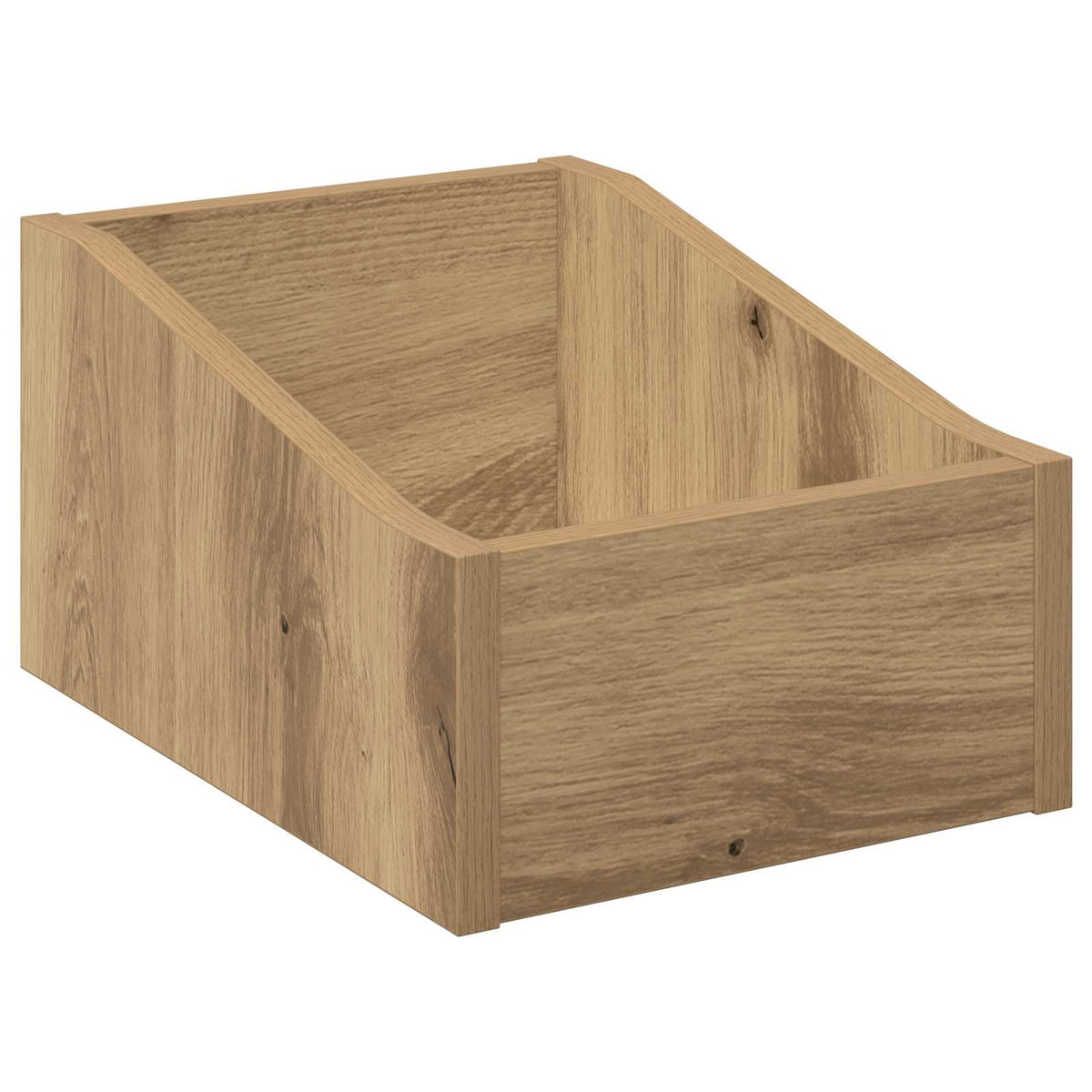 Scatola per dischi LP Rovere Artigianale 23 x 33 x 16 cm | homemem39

...

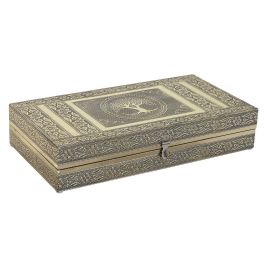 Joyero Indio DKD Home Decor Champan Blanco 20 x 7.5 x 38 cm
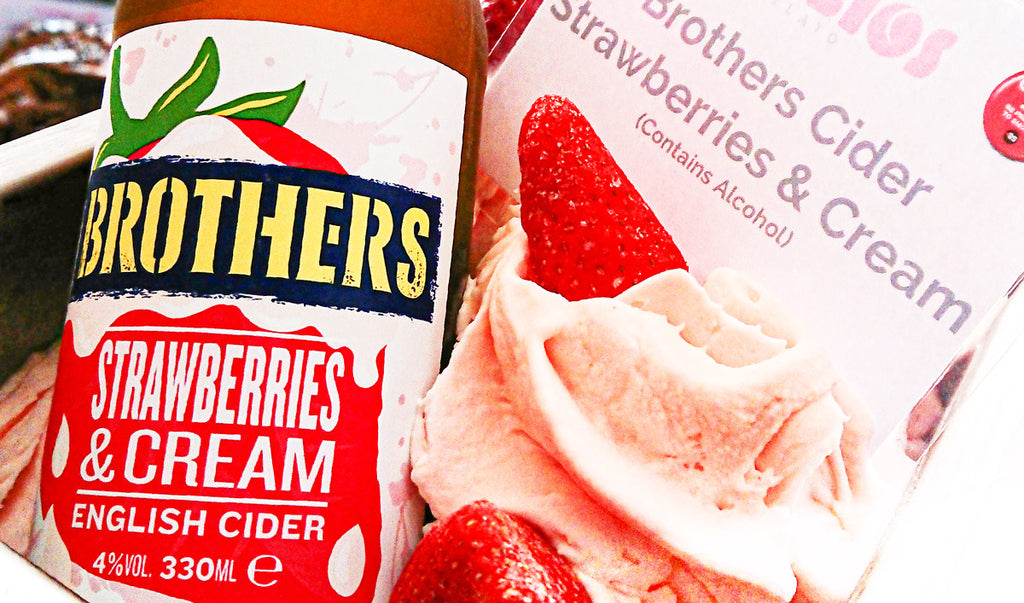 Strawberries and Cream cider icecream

EXERCISE PROMPT:
Starting at the line with "Joyero Indio DKD" in the entries above, write out every line exactly until the line with "Strawberries and Cream cider icecream" has been written. Include no pictures and nothing more.

ANSWER TO THE PROBLEM:
 Joyero Indio DKD Home Decor Champan Blanco 20 x 7.5 x 38 cm
 Strawberries and Cream cider icecream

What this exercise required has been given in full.